## Task description
Only one stretch of the data below is wanted: the lines starting at the one with "Used 2020 Nissan Pathfinder SL image 10" and ending at the one with "2022 Jeep Wagoneer", both included, given again exactly.

## Provided records
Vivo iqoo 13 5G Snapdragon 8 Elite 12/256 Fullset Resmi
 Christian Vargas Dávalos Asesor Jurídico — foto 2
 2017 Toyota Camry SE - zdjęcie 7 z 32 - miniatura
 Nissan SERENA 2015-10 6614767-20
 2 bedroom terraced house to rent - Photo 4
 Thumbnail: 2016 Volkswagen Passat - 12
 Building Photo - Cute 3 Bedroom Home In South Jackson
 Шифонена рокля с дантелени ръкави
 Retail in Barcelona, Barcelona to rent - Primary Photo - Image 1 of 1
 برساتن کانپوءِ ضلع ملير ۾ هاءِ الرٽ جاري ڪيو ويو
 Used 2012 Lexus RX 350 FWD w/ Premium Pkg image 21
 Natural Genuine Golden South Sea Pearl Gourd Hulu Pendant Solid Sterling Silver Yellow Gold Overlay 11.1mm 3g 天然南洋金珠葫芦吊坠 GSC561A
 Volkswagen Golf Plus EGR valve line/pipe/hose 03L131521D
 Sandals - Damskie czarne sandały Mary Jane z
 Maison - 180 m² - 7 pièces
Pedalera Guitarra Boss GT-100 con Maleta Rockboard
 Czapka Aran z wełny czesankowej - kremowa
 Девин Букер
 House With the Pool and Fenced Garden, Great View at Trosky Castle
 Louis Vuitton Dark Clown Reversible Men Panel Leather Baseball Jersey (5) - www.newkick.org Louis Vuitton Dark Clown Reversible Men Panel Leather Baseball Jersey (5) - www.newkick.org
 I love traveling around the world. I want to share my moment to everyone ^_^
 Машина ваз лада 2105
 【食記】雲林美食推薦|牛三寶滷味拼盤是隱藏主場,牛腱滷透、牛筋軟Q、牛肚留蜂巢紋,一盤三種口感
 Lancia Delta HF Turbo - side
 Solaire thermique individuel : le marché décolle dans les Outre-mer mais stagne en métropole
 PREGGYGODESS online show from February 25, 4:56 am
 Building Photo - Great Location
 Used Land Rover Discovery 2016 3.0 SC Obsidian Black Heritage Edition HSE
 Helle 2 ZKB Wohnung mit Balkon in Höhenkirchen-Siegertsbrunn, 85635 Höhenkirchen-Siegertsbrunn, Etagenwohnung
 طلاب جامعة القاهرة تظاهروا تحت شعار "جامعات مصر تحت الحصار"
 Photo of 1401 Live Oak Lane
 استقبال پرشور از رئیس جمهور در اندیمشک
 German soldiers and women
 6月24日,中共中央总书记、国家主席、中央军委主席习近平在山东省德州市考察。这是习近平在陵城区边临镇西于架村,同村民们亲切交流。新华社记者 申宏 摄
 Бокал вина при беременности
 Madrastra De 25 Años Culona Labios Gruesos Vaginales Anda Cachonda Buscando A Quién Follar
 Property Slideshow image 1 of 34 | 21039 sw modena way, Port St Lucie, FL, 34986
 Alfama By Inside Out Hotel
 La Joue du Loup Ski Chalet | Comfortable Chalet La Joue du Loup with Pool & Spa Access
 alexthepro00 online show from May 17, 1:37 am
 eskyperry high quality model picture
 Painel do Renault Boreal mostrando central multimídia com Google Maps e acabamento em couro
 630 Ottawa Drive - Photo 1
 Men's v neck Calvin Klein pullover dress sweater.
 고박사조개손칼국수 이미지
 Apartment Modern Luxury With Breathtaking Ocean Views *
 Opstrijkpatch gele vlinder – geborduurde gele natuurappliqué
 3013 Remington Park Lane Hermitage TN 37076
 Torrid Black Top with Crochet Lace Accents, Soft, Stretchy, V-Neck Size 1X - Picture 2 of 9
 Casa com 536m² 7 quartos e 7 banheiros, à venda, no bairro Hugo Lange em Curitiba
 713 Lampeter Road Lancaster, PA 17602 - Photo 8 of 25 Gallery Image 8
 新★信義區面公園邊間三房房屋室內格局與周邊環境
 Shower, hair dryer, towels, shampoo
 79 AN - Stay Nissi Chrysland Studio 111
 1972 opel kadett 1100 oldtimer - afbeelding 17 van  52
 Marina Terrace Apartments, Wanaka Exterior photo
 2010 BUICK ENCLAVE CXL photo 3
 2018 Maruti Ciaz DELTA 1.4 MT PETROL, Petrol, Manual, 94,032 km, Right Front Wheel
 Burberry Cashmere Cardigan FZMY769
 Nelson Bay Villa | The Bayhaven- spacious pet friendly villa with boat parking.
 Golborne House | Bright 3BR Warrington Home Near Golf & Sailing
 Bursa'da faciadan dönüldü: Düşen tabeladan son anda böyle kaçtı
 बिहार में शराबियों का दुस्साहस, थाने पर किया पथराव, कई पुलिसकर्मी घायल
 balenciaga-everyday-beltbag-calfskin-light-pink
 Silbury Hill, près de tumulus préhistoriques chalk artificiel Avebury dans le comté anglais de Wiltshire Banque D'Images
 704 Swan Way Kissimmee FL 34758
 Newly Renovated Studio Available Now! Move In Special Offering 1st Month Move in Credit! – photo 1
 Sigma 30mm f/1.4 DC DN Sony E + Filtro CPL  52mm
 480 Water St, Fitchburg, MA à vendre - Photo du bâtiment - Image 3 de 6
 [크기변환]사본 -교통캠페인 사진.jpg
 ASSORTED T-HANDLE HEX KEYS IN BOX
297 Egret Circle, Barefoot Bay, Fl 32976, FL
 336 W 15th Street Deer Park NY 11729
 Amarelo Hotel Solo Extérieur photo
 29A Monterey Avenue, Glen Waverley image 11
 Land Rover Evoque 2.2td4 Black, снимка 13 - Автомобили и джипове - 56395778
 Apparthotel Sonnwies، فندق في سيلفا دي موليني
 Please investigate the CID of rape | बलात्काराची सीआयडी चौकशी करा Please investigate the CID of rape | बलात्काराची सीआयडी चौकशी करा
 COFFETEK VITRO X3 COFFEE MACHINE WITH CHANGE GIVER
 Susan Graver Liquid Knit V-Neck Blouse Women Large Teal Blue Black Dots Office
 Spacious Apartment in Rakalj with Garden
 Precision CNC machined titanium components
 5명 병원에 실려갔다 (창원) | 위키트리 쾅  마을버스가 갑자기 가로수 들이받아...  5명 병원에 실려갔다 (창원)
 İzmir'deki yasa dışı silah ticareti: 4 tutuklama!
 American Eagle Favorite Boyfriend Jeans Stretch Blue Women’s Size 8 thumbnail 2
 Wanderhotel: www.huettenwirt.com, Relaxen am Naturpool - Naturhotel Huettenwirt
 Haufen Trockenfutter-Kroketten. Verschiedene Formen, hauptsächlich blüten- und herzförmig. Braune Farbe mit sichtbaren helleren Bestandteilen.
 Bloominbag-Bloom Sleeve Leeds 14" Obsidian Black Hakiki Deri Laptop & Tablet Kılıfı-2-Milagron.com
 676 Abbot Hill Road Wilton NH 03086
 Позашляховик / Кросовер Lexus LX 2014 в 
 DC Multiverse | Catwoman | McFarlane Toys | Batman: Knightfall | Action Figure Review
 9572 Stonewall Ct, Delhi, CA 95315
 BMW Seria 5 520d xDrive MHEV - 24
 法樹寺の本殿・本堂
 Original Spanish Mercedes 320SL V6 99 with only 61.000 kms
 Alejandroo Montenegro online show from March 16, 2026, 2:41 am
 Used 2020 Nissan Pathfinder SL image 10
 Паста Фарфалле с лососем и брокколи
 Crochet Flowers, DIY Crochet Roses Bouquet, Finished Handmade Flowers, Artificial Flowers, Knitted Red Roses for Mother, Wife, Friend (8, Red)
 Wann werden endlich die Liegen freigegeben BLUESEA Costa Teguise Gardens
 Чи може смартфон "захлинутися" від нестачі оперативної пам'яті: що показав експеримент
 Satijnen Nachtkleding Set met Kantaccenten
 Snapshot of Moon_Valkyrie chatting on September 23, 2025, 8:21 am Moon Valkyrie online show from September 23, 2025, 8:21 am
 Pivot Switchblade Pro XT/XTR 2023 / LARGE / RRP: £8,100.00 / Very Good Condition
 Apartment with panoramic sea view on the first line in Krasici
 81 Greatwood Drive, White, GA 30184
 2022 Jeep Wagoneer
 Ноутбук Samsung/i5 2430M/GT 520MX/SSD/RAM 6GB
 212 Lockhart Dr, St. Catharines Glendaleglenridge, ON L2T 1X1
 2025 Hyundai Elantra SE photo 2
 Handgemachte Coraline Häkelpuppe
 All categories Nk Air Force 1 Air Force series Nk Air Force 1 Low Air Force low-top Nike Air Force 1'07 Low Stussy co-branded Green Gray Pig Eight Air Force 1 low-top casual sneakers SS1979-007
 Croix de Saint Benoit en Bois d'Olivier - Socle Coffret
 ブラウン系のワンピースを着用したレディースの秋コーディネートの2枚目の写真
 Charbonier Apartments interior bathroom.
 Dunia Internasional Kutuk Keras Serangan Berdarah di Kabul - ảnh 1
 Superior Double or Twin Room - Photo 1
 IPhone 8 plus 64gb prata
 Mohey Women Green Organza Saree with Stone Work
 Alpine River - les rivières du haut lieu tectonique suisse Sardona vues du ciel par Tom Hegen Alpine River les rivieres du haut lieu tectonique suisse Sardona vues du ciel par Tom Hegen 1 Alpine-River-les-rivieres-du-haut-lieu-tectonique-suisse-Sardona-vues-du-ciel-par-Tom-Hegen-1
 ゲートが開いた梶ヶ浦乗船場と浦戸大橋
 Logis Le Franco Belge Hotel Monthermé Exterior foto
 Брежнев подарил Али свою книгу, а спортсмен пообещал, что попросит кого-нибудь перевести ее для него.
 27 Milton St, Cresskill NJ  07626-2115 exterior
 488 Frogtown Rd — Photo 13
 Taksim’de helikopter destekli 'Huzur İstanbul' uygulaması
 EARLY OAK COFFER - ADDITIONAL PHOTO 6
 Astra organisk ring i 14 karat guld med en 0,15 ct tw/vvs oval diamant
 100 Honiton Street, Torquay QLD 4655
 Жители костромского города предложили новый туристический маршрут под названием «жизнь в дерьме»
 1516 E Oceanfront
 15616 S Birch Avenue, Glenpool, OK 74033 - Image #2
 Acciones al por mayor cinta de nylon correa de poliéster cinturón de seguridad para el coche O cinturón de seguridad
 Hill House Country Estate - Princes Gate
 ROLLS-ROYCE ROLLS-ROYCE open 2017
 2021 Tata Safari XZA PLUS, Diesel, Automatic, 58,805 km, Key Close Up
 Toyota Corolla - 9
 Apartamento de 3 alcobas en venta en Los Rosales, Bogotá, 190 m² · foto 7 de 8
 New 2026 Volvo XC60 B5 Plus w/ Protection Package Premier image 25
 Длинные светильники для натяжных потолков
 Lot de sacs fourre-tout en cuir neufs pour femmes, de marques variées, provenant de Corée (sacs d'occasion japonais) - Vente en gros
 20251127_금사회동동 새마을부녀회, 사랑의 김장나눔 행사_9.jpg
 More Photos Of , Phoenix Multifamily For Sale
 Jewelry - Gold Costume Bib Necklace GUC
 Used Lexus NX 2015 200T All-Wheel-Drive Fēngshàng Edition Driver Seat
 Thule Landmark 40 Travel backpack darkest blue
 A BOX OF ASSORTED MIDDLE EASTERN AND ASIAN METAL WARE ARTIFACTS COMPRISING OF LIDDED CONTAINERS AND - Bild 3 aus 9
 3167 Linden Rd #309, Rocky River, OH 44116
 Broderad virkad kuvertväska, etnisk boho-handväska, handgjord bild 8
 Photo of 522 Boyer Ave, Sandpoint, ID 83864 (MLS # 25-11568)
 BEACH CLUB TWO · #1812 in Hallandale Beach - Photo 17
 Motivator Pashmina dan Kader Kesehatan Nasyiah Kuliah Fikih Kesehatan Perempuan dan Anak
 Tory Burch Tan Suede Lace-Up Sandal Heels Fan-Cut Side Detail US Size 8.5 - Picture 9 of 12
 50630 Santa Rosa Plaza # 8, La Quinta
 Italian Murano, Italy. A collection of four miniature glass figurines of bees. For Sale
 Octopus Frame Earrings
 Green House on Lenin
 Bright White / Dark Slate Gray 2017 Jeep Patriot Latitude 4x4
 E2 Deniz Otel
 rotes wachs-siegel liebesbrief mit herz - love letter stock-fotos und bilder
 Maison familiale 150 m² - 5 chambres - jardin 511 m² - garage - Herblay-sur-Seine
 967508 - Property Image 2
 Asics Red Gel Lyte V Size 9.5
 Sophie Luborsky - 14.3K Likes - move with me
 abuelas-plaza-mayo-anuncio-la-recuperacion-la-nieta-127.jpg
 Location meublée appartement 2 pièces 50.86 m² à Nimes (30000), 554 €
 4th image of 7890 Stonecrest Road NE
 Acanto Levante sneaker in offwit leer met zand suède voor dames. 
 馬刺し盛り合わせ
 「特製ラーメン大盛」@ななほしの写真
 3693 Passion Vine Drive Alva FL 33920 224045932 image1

## Result of this task
 Used 2020 Nissan Pathfinder SL image 10
 Паста Фарфалле с лососем и брокколи
 Crochet Flowers, DIY Crochet Roses Bouquet, Finished Handmade Flowers, Artificial Flowers, Knitted Red Roses for Mother, Wife, Friend (8, Red)
 Wann werden endlich die Liegen freigegeben BLUESEA Costa Teguise Gardens
 Чи може смартфон "захлинутися" від нестачі оперативної пам'яті: що показав експеримент
 Satijnen Nachtkleding Set met Kantaccenten
 Snapshot of Moon_Valkyrie chatting on September 23, 2025, 8:21 am Moon Valkyrie online show from September 23, 2025, 8:21 am
 Pivot Switchblade Pro XT/XTR 2023 / LARGE / RRP: £8,100.00 / Very Good Condition
 Apartment with panoramic sea view on the first line in Krasici
 81 Greatwood Drive, White, GA 30184
 2022 Jeep Wagoneer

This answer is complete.